Unemployed workers sue Georgia Labor Department to speed up payments

Unemployment tile / photo courtesy of Getty Images
Unemployment tile / photo courtesy of Getty Images

Six jobless Georgians are asking that a judge order the state Department of Labor to speed up unemployment benefits to them and others who have been waiting to be paid for months.

Lawyers handling the suit say the half dozen are among thousands whose applications and payments have been delayed - sometimes since last spring.

That inefficiency violates the DOL's legal obligations, said Miriam Gutman, attorney for the Legal Aid Society, which joined with Georgia Legal Services and the Southern Poverty Law Center to file the suit in Fulton Superior Court. "We have never seen the sorts of delays that we are seeing now."

The Georgia Labor Department has not received formal notice of the suit, said spokeswoman Kersha Cartwright. "We are going to decline comment until we see something officially."

Since the start of pandemic-triggered layoffs last spring, the DOL has come under fire for being slow to handle claims. In the early months of the pandemic, DOL officials admitted that they were far behind, but by fall, Labor Commissioner Mark Butler said the department had caught up.

The reality is otherwise, Gutman said. "It has gotten worse."

Among the plaintiffs is Sulatha Blount, 61, of Macon, a self-employed house cleaner who said she qualified for the federal pandemic benefits as a gig worker. Her application in March was approved, but payments didn't come through.

"I've gone to church members for help," she said in an interview with The Atlanta Journal-Constitution. "I've gone to my elderly father. I've been kicked out of my medical clinic for not having enough money."

Only the government's moratorium on evictions kept her off the street, she said. "I have always been a faithful worker. It doesn't have to be like this."

Many claimants have complained from the beginning that it was nearly impossible to contact DOL staff with questions or concerns.

Harriett Rogers, 60, of Mableton, another plaintiff, lost her job as a patient account representative and received benefits until they ran out in August. She was told she could file a new claim, but could not get a hearing on the application until March - and couldn't talk to a staffer about her situation.

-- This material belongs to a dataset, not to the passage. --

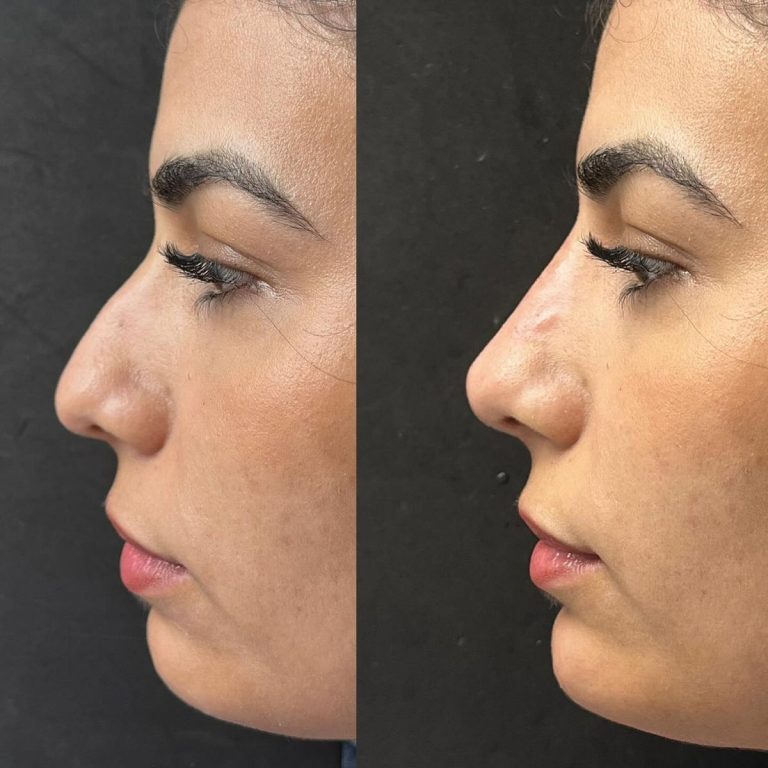 rhinoplasty before and after result Islamabad patient 4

"I was sitting in my apartment on the brink of being evicted, trying to get information on food pantries," she said in an interview. "There was just no one you could get to."

Jobless benefits in normal times are meant to provide only a temporary cushion. But even after the economy started recovering, Georgia jobseekers dramatically outnumbered openings.

As the pandemic relief programs expired, Congress last month passed a new set of benefits until a vaccine's distribution could power a full rebound.

But people who do not get the benefits, do not have the cushion.

After losing her job in the spring, accountant Lisa English, another plaintiff, said she couldn't afford her rent, so she moved into a smaller apartment in Rockdale where she could share expenses.

She was called back to work briefly in the fall, then let go again.

"I haven't seen a dime from either claim," she said in an interview. "It's hard at 36 years old to be relying on your boyfriend and your parents to pay your bills."

Although the pandemic created unprecedented problems - and widespread complaints about the DOL - the legal odds are long against this kind of effort, said Atlanta attorney Page Pate, a senior trial lawyer with Pate, Johnson & Church and a frequent legal commentator, who is not connected to the suit.

"Superior Court judges are almost always reluctant to tell a state agency how to do its job," he said. "It is extraordinarily unusual."

Even if plaintiffs can prove an agency isn't efficient, that's usually not enough to spur a judge to intervene, Pate said. "I think this complaint was filed because there isn't anything else the plaintiffs can do, other than get some public attention on this issue."